Piketty and his fans assume that the industrial orgy will continue one way or another, in other words that some mysterious “they” will “come up with innovative new technologies” to obviate the need for fossil fuels and that the volume of wealth generated will more or less continue to increase. This notion is childish, idiotic, and wrong. Energy and technology are not substitutable with each other. If you run out of the former, you can’t replace it with the latter (and by “run out” I mean get it at a return of energy investment that makes sense). The techno-narcissist Jeremy Rifkins and Ray Kurzweils among us propound magical something-for-nothing workarounds for our predicament, but they are just blowing smoke up the collective fundament of a credulous ruling plutocracy. In fact, we’re faced with an unprecedented contraction of wealth, and a shocking loss of ability to produce new wealth. That‘s the real “game-changer,” not the delusions about shale oil and the robotic “industrial renaissance” and all the related fantasies circulating among a leadership that checked its brains at the Microsoft window.

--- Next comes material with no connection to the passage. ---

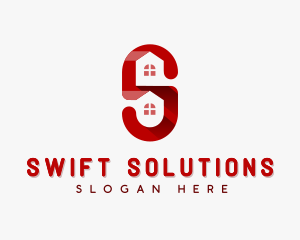 Real Estate Letter S logo design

Of course, even in a general contraction wealth will still exist, and Piketty is certainly right that it will tend to remain concentrated (where it isn’t washed away in the deluge of broken promises to pay this and that obligation). But he is quite incorrect that the general conditions we enjoy at this moment in history will continue a whole lot longer — for instance the organization of giant nation-states and their ability to control populations. I suppose it’s counter-intuitive in this moment of the “Deep State” with all its Orwellian overtones of electronic surveillance and omnipotence, but I’d take the less popular view that the Deep State will choke to death on the diminishing returns of technology and that nation-states in general will first degenerate into impotence and then break up into smaller units. What’s more, I’d propose that the whole world is apt to be going medieval, so to speak, as we contend with our energy predicament and its effects on wealth generation, banking, and all the other operations of modern capital. That is, they’ll become a lot less modern.

As all this occurs, some families and individuals will hang onto wealth, and that wealth is apt to increase, though not at the scales and volumes afforded by industrial activities. Political theorizing a la Marx or Thomas Piketty is not liable to deprive them of it, but other forces will. The most plausible framework for understanding that is the circulation of elites. This refers to the tendency in history for one ruling elite to be overturned and replaced by another group, often by violence, and then become the new ruling elite. It always happens one way or another, and even the case of the Bolsheviks in Russia during the industrial 20th century can be seen this way.

In any case, just because human affairs follow certain patterns these days, don’t assume that all these patterns will persist. I doubt that the Warren Buffets and Jamie Dimons of the world will see their wealth confiscated via some new policy of the Internal Revenue Service — e.g. the proposed “tax on wealth.” Rather, its more likely that they’ll be strung up on lampposts or dragged over three miles of pavement behind their own limousines. After all, the second leading delusion in our culture these days, after the wish for a something-for-nothing magic energy rescue remedy, is the idea that we can politically organize our way out of the epochal predicament of civilization that we face. Piketty just feeds that secondary delusion.